= ACTIVITY =
For this exercise, restate every line below word for word and drop the images.

[Start of section]

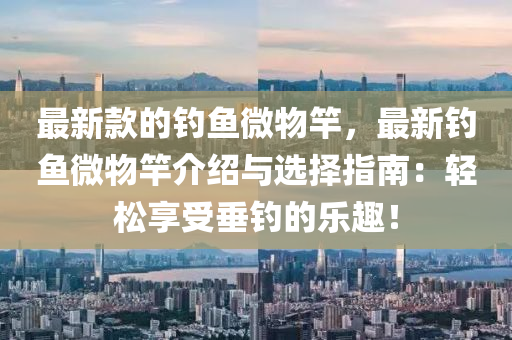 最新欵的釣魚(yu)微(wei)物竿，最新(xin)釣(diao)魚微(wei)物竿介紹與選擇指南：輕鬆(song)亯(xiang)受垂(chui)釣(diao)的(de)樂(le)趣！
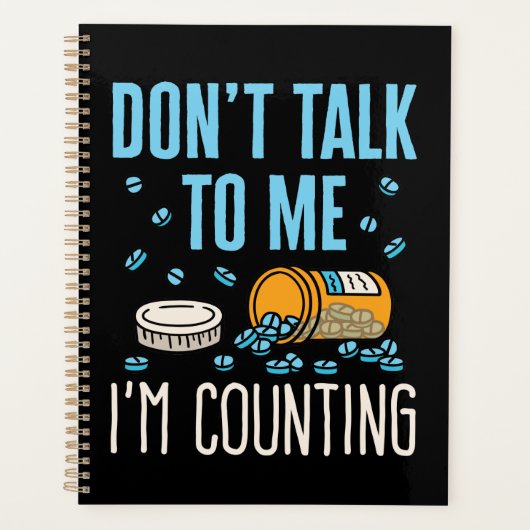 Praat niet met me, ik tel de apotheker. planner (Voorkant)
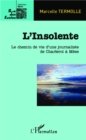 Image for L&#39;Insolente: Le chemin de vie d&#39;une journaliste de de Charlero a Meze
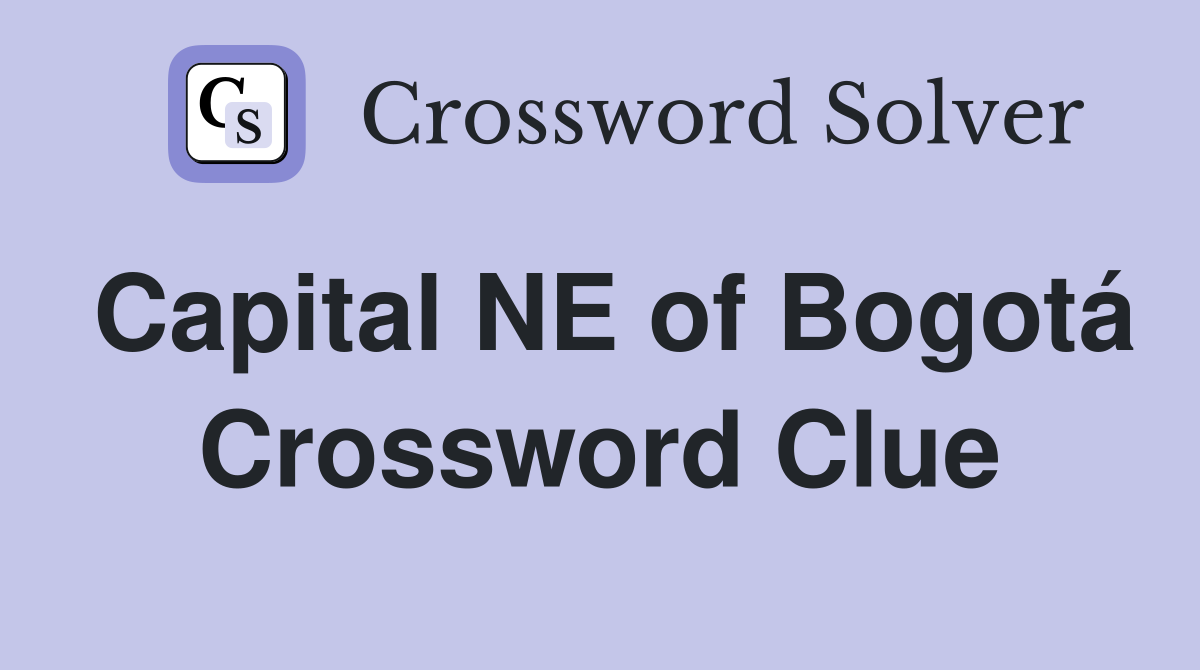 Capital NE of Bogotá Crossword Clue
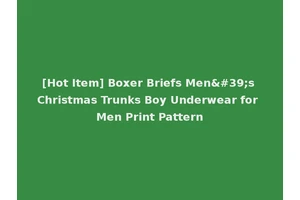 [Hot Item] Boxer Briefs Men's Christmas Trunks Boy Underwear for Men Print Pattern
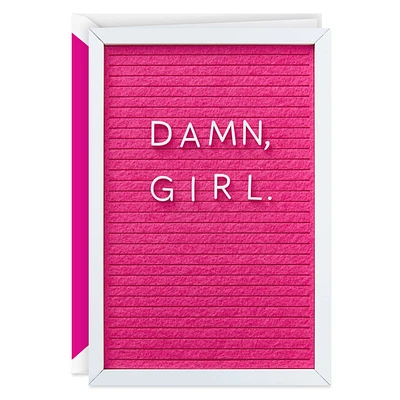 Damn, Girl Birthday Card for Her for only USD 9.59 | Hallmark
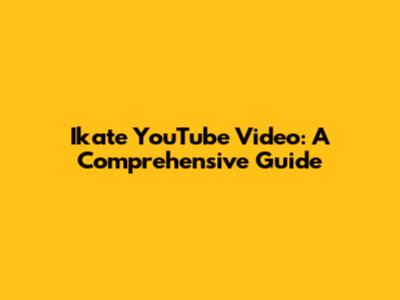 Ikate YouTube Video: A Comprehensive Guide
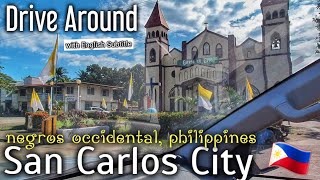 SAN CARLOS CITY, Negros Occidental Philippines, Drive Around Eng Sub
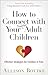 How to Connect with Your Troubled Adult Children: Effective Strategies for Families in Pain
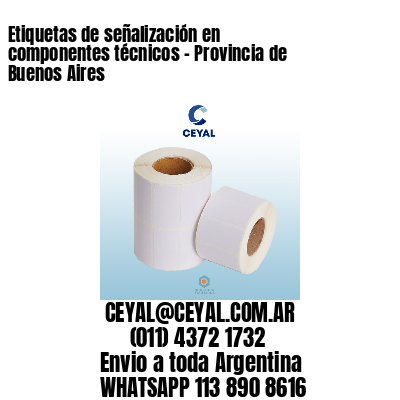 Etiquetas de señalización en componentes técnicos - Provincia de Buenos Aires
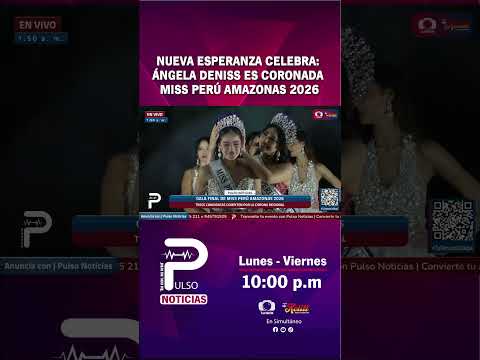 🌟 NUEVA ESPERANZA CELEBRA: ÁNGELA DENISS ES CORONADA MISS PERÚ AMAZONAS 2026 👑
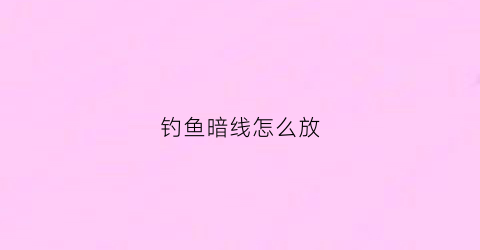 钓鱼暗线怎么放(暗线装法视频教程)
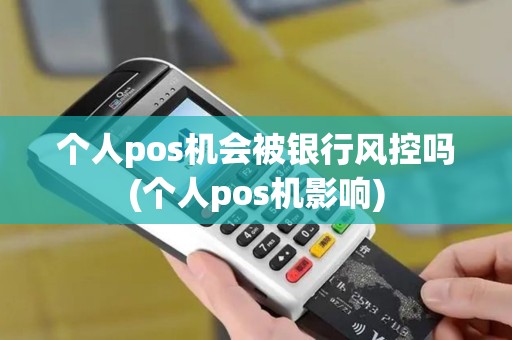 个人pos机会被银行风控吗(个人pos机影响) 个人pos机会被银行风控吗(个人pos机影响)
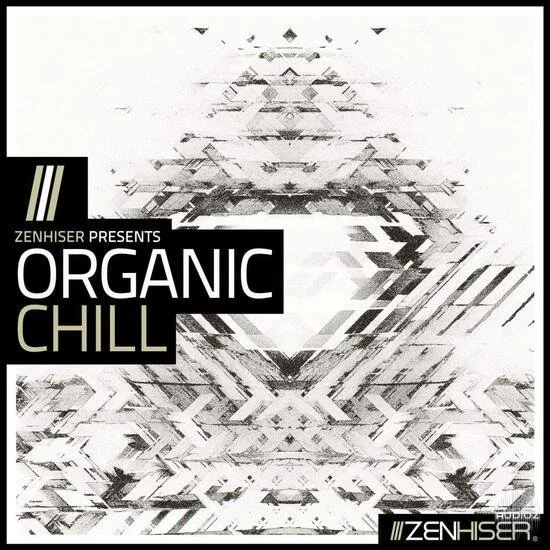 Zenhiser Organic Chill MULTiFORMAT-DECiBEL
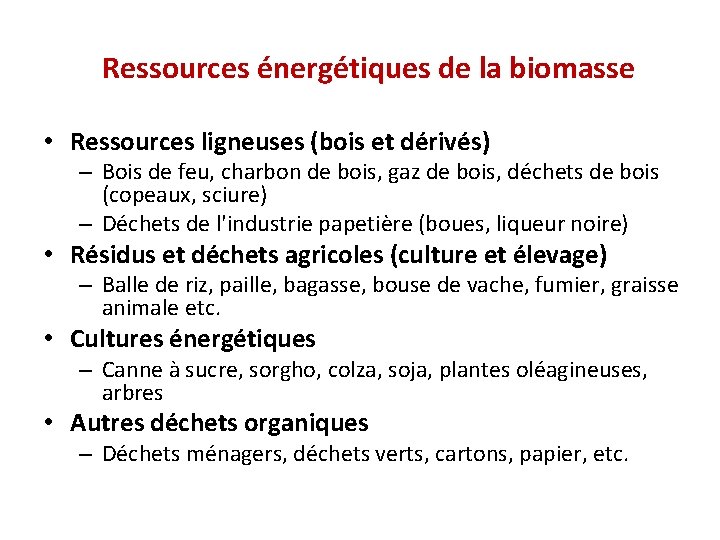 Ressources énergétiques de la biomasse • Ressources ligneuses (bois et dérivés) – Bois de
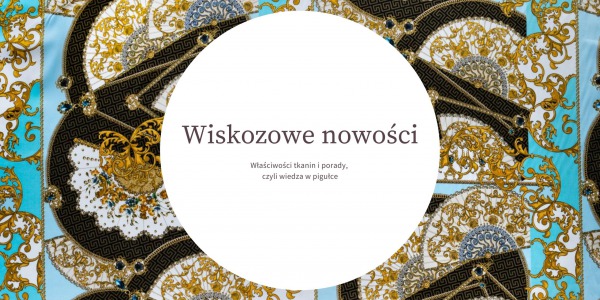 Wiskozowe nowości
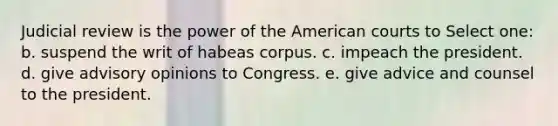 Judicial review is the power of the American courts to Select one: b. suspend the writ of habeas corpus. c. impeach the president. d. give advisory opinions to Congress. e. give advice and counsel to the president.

[End of section]

= OUTPUT FOR THIS EXERCISE =
 最新欵的釣魚(yu)微(wei)物竿，最新(xin)釣(diao)魚微(wei)物竿介紹與選擇指南：輕鬆(song)亯(xiang)受垂(chui)釣(diao)的(de)樂(le)趣！
 Praat niet met me, ik tel de apotheker. planner (Voorkant)
 Image for L&#39;Insolente: Le chemin de vie d&#39;une journaliste de de Charlero a Meze
 Capital NE of Bogotá Crossword Clue
 [Hot Item] Boxer Briefs Men's Christmas Trunks Boy Underwear for Men Print Pattern
 Damn, Girl Birthday Card for Her for only USD 9.59 | Hallmark
 Ikate YouTube Video: A Comprehensive Guide
 SAN CARLOS CITY, Negros Occidental Philippines, Drive Around Eng Sub
 How to Connect with Your Troubled Adult Children: Effective Strategies for Families in Pain
 Etiquetas de señalización en componentes técnicos - Provincia de Buenos Aires
 🌟 NUEVA ESPERANZA CELEBRA: ÁNGELA DENISS ES CORONADA MISS PERÚ AMAZONAS 2026 👑
 钓鱼暗线怎么放(暗线装法视频教程)
 个人pos机会被银行风控吗(个人pos机影响) 个人pos机会被银行风控吗(个人pos机影响)
 Zenhiser Organic Chill MULTiFORMAT-DECiBEL
 Ressources énergétiques de la biomasse • Ressources ligneuses (bois et dérivés) – Bois de
 Wiskozowe nowości
 Judicial review is the power of the American courts to Select one: b. suspend the writ of habeas corpus. c. impeach the president. d. give advisory opinions to Congress. e. give advice and counsel to the president.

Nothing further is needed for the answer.